- Work to be completed -
What you write must match the records exactly, except for the images, which are left out.

- Exercise materials -
-=-=-=-=-
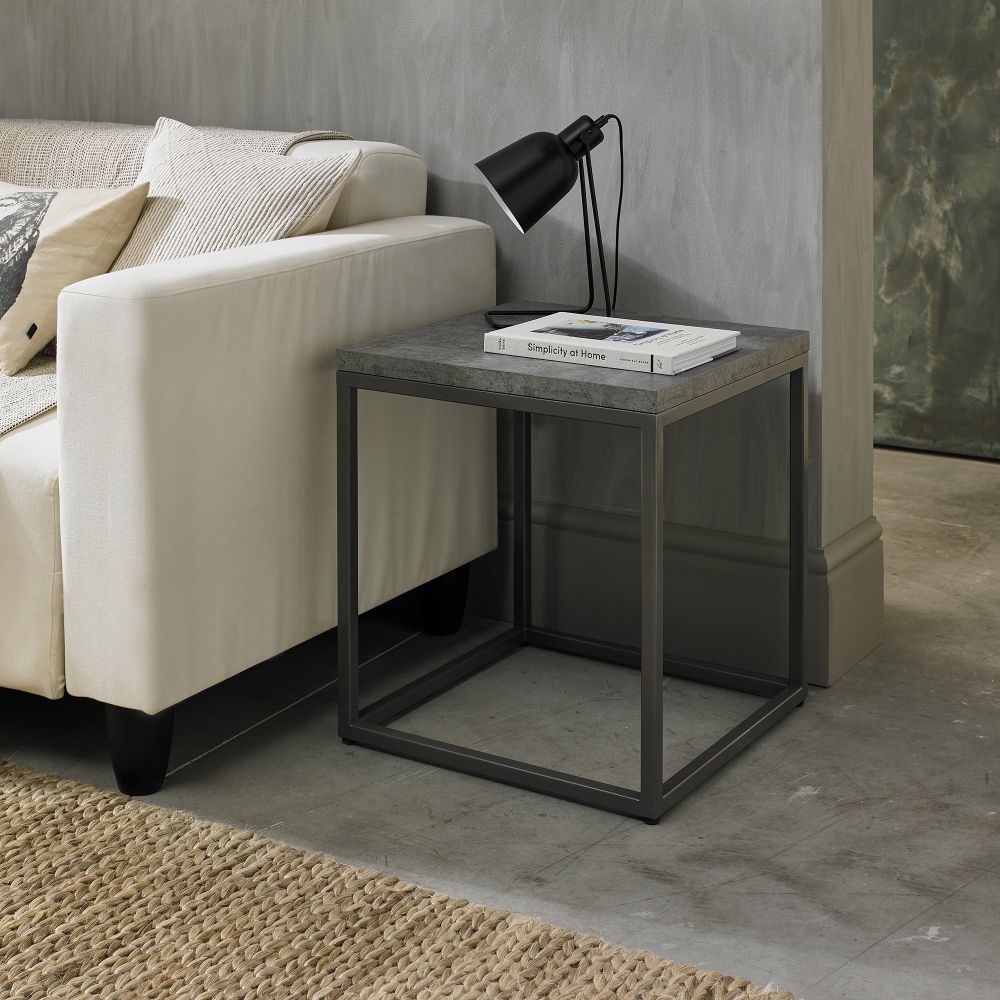 Product photograph of Bentley Designs Renzo Zinc And Dark Grey Side Table from Choice Furniture Superstore.
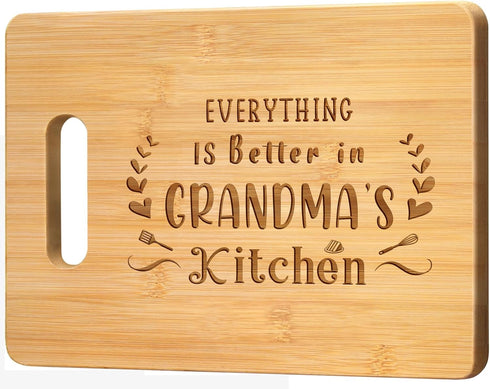 Grandma Birthday Gifts, Unique Mothers Day Gift for Grandma Grandmother Nan - Personalized Engraved Bamboo Cutting Board with Warm Words, Perfect ...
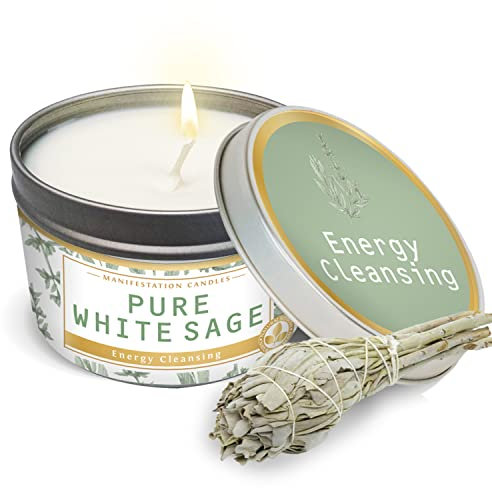 Manifestation Candles Duftkerze, reinweißer Salbei, für die Energiereinigung, verbannt negative Energie I Reinigung und Chakra-Heilung, natürliches Sojawachs, Dosenkerze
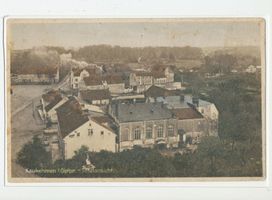 Kuckerneese, Ort, Kreis Elchniederung Kaukehmen, Ortsansicht mit dem Hotel  Deutsches Haus  von der Kirche aus gesehen Kuckerneese, Blick vom Kirchturm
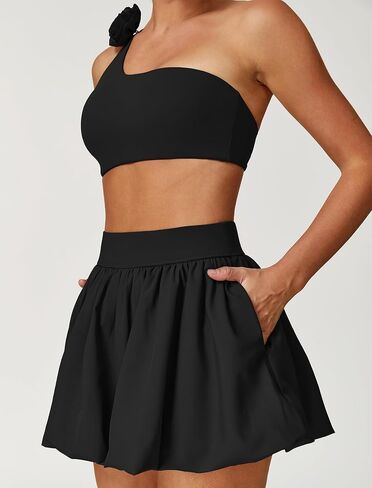 ABOCIW Womens 2 Piece Bubble Tennis Skirt One Shoulder Sports Bra Athletic Set Summer Pickleball Workout Golf Outfits in Saudi Arabia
-=-=-=-=-
- Expected answer -
 Product photograph of Bentley Designs Renzo Zinc And Dark Grey Side Table from Choice Furniture Superstore.
 Grandma Birthday Gifts, Unique Mothers Day Gift for Grandma Grandmother Nan - Personalized Engraved Bamboo Cutting Board with Warm Words, Perfect ...
 Manifestation Candles Duftkerze, reinweißer Salbei, für die Energiereinigung, verbannt negative Energie I Reinigung und Chakra-Heilung, natürliches Sojawachs, Dosenkerze
 Kuckerneese, Ort, Kreis Elchniederung Kaukehmen, Ortsansicht mit dem Hotel  Deutsches Haus  von der Kirche aus gesehen Kuckerneese, Blick vom Kirchturm
 ABOCIW Womens 2 Piece Bubble Tennis Skirt One Shoulder Sports Bra Athletic Set Summer Pickleball Workout Golf Outfits in Saudi Arabia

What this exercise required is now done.